The main development is carried out under Ubuntu Linux. Programming is done in whatever text editor (I use the Anjuta IDE), and compilation is done with a standard C++ compiler (I use the GNU C++ compiler).
Of course, since one of the main goals of the game engine is portability, I try to avoid any specific constraints on the development environment.
For the first time I use UML to structure my work. Currently, I only use it for sketching and documenting the class structure, not for generating code etc, but it helps a lot in getting the class structures right.
The tool I am currently using is DIA, an open source diagram editor with basic UML support.
I also plan to use DIA for describing the main program flow. I realized that it is probably a good idea to try to piece all the different tasks of the game loop together in a flowchart. That way it is easier to figure out which parts are dependent on which results, and what parts can be parallelized using threads or other means (such as occlusion culling, sound output, bot AI etc).
I am using a public Subversion repository on Sourceforge to host the game engine source code. Not all data is hosted there (e.g. map data and 3rd party libraries) so it is currently quite difficult to compile and run Hover Extreme from the source code.
However, you can download it from Sourceforge (check the instructions for Subversion checkout).
Of course, some kind of modeling tool is required for producing the in game models for player vehicles and statics objects etc. Competent modeling software tend to be expensive commercial products, with one notable exception: Blender. Blender does not only have the advantage of being both capable and free, it also supports a plethora of popular 3D model formats.
I know Blender has a quite steep learning curve, mostly due to its non standard user interface. I intend to learn it, though, and once I do I hope to be able to use it for most of the 3D artwork (including map design).

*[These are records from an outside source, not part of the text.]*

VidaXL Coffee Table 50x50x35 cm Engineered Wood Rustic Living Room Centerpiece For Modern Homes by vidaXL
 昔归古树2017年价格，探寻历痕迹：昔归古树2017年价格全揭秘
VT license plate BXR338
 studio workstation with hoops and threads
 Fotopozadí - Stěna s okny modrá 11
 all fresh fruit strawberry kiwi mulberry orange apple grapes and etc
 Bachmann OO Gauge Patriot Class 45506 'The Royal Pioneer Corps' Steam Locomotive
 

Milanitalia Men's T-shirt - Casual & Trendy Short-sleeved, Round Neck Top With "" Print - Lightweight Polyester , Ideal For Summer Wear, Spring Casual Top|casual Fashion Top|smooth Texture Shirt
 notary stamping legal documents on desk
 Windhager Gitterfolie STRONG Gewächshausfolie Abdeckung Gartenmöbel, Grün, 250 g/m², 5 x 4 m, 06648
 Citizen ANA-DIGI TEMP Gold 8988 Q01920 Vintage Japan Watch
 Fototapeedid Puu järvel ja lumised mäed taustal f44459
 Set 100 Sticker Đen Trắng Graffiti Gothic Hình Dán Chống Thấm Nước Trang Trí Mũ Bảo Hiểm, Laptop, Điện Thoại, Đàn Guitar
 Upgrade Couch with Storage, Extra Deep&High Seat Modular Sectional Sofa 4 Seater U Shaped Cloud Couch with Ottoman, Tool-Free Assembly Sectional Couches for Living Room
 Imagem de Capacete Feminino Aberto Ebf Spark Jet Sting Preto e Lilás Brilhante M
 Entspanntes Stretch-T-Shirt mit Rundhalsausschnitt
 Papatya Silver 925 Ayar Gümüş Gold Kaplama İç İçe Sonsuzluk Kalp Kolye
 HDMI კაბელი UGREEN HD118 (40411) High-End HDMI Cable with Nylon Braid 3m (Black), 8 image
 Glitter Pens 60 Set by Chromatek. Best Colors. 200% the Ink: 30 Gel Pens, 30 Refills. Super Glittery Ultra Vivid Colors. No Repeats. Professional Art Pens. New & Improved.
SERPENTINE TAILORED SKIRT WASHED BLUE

The game engine itself should have support for a number of different model formats, so that artists are not limited by the model format for their choice of modeling software. Currently the game engine supports 3DS (3ds Max), MD2 (the wide spread model format originally used in Quake 2) and STL (a simple triangle format supported by most CAD software). I plan to include support for other formats as well, including the OBJ and LWO formats, but right now the 3DS file support does a good job.
Music & Sound
I have not yet found a sound editing tool for Linux that I am comfortable with, though. I am not really fond of Audacity (it lacks some fairly basic tools, such as non-linear amplification), but I guess I will use it for now. I really like Adobe Audition (previously Cool Edit Pro), but it is too expensive and does not work under Linux/Wine.
I will have a closer look at Ardour soon, to see if it can do the things I need. It looks very interesting (and free, of course).